A Thread for the Mueller Investigation Results and Outcomes (Part 1)

The original bank records that triggered the SARs can’t be scrubbed. Those will still be around. I imagine Mueller and his team can decide for themselves in reviewing the bank records which transactions indicate suspicious activity, even without the reports.

Banks and other reporting institutions are required to keep paper or electronic copies of their SAR filings for five years.

All that makes the notion that this was done out of a legitimate whistleblowing concern even more dubious than it was already. More likely the whistleblowing line is a CYA attempt, after the feds started investigating the source of the leak.

The only person to whom it appears dubious is you.

While the file copies at individual banks are useful as evidence, they are not readily searchable by law enforcement. Records being removed from the FinCEN database is alarming, would most likely be an inside job, and seems like a perfect instance where a public disclosure rather than a report to one’s superiors is in order.

This seems relevant. Cohen was working on a Trump tower in Moscow deal during the election, with Trump signing a letter of intent on the day of the third debate. Story also includes negotiations with Russian spies, and a promised meeting between Putin and Trump after the convention to finalize the deal.

But there would be a* procedure*. We know the procedure for adding a record, a bank sends that report, the record gets added. But under what legitimate procedure is a record removed? A court order, some decision by a highly placed official, with the appropriate memo? Shirley the authority to delete records is not widely shared, the temp covering the reception desk doesn’t have a “delete” option.

This is about banking, about the Dollar Almighty. For many of us, a central concern, for Republicans, it is the vessel, the spine and the substance.

So you think the guy is lying about these financial records/reports going missing?

I wonder what would be the result of having all banks resubmit their SARs from, oh, say the beginning of the Trump administration, and doing a comparison of those records to what remains in the FinCEN database. How many records might be missing? And whose?

Ha! Another fish hunting witch expedition!

The article does not say that. (Nothing surprising in that regard.)

Possibly. I don’t know about that. But regardless, I think it’s very unlikely that this was his motivator, as previous. My guess is that the guy saw everyone else with access to inside info leaking like mad and decided to get in on the action. Then the feds opened an investigation into this particular leak and it suddenly hit him that he was in some serious legal jeopardy.

So many witches… so little time.

That’s funny to envision, but the banks have to file within 60 days of the activity being reported, if I remember my most recent anti-money laundering training correctly. The forms are filed using the Bank Secrecy Act E-Filing system, which keeps records of accepted and rejected forms for five years. That’s a separate database from the one from which the forms themselves are missing. There are all kinds of ways to put this data back where it belongs. Deleting them was nefarious, but unlikely to be effective, due at least in part to the whistle-blower.

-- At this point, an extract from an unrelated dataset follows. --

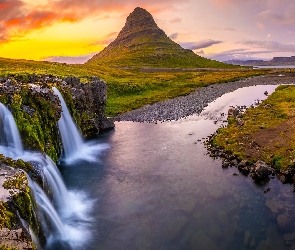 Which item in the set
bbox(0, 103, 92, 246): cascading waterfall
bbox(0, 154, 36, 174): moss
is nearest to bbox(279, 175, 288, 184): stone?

ETA: The whistle-blower understood his/her legal jeopardy before releasing the information. Those of us who handle banking data get frequent training on the laws surrounding this stuff.

F-B;
I think it’s good that people don’t automatically accept the first theory that comes up. It’s good that they try to find alternative reasons to cover all the bases.
However, when all is theorized a person must pick up the most plausible chain of events. Sometimes it’s not the first and sometimes it is.

So, to me it’s OK that you suggest these other ideas, but if you really believe all of them instead of the obvious ones you should get a tinfoil hat.

I know I shouldn’t bother:

Sater told Cohen that GenBank operates “through Putin’s administration and nothing gets done there without approval from the top. The meetings in Moscow will be with ministers — in US, that’s cabinet-level and with Putin’s top administration people. This likely will include Dmitry Peskov, Putin’s press secretary. To discuss goals, meeting agenda and meeting time between Putin and Trump.”

I’m sure that you know that you backed the wrong horse by now. Do you have you exit strategy for backtracking?

Can’t get legit tin foil these days, its all aluminum. Which, if not folded precisely in relation to true magnetic North, will actually enhance the telepathic rays! (I have relatives in Texas, they keep me informed.)

So, what he claimed happened gets a shrug from you; the real story, the thing worth commenting on here, is whether or not he’s self-serving in making the claim?

Having the situation Phippsplained to us is amusing in its own right.

Yes, come to think of it, they actually are a lot like parabolic antennas. I wonder who developed them. CIA ? Now THAT is a Devilish plot.

I appreciate your insight into an area of which I’m entirely ignorant. It’s a comfort to know the data can be restored short of what I suggested, and we are in agreement that deleting them was nefarious (such a perfect term!), if indeed it was a deletion that caused the records to go missing.

The whistleblower was courageous, especially for understanding his/her legal jeopardy prior to releasing the information. Who knows? By drawing attention to the missing SARs, more deletions may be found if it triggers an audit – which it certainly should.

Gosh. Do we know any [del]bootlickers[/del] appointees at Treasury who might be induced to commit such an egregious, nefarious act as deleting SARs?

Mnuchin replaced the head of FinCEN days after Manafort was indicted.